• **Work instruction**: Gather all lines in the records below that include the word "with".

• **Information supplied**:
::::::

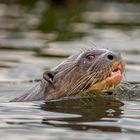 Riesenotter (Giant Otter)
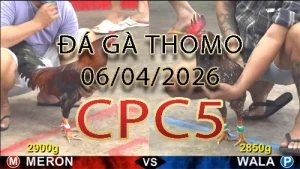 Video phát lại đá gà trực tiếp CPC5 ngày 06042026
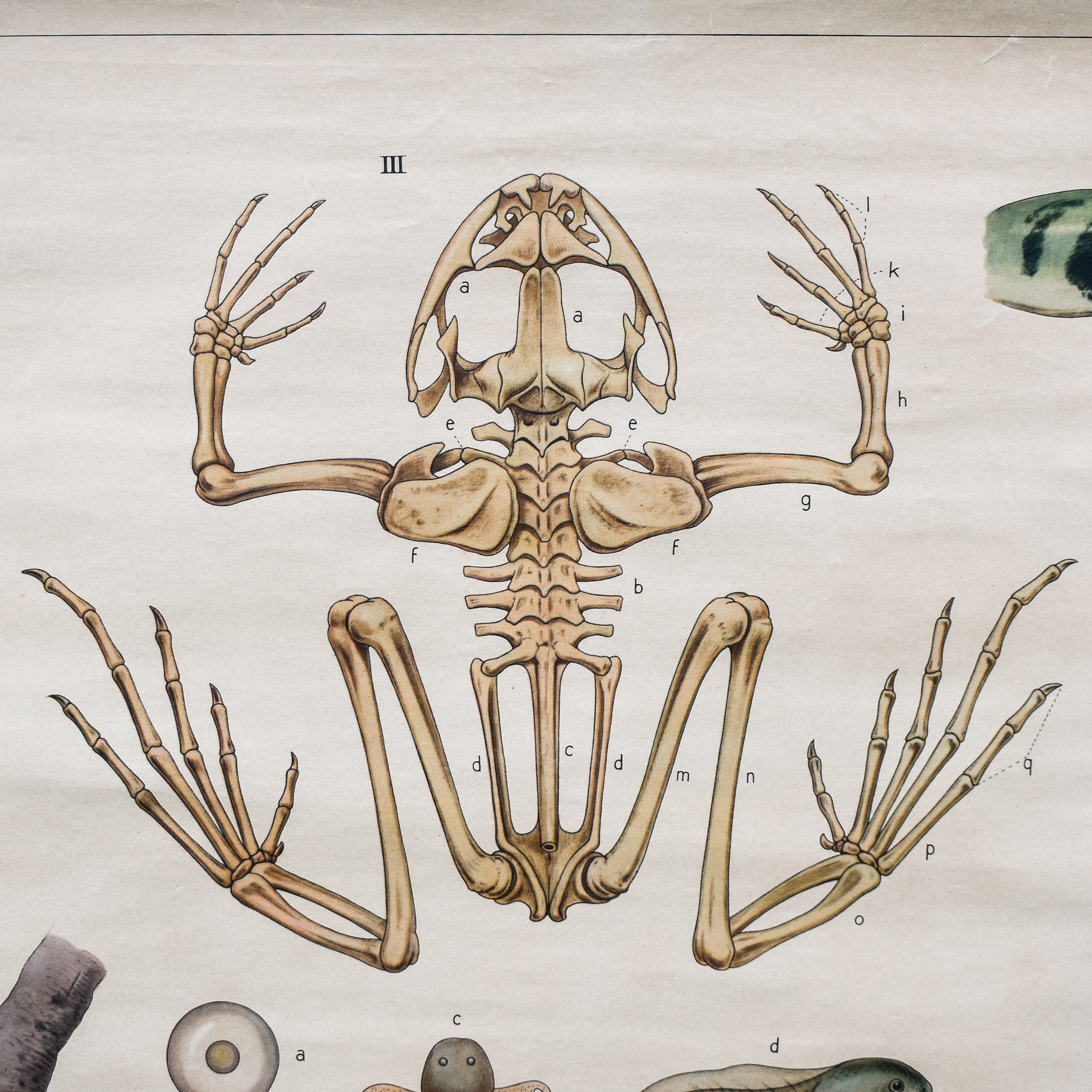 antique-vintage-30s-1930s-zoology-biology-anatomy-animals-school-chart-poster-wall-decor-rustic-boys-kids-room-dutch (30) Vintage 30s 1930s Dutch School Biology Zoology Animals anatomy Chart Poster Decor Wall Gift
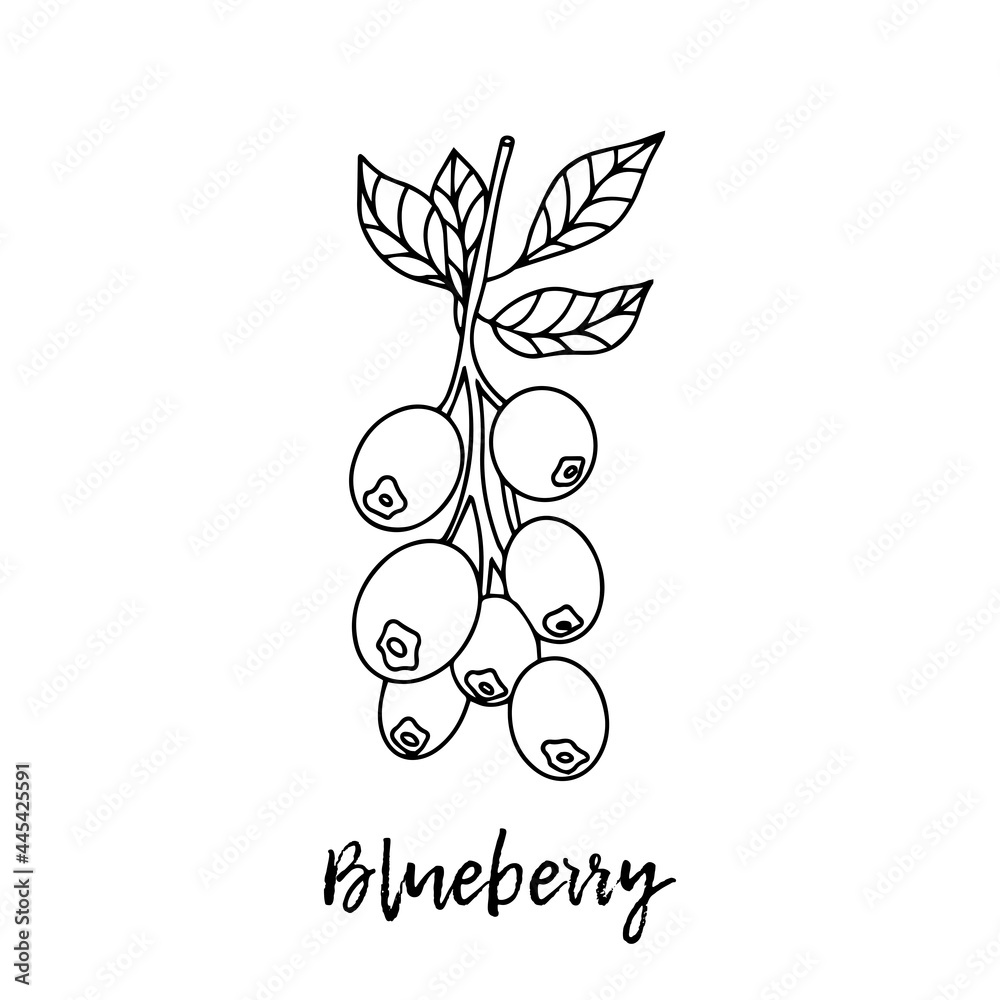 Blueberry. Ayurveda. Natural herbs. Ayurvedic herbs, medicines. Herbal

::::::

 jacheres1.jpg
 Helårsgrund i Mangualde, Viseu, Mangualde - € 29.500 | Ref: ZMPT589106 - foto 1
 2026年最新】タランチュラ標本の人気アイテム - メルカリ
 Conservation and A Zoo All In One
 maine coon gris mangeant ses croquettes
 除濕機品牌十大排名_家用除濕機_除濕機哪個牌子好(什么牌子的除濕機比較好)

::::::

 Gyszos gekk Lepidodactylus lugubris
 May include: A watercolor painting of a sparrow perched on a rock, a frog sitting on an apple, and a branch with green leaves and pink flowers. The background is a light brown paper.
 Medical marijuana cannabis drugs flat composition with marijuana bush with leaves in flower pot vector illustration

::::::

• **Response box**:
 May include: A watercolor painting of a sparrow perched on a rock, a frog sitting on an apple, and a branch with green leaves and pink flowers. The background is a light brown paper.
 Medical marijuana cannabis drugs flat composition with marijuana bush with leaves in flower pot vector illustration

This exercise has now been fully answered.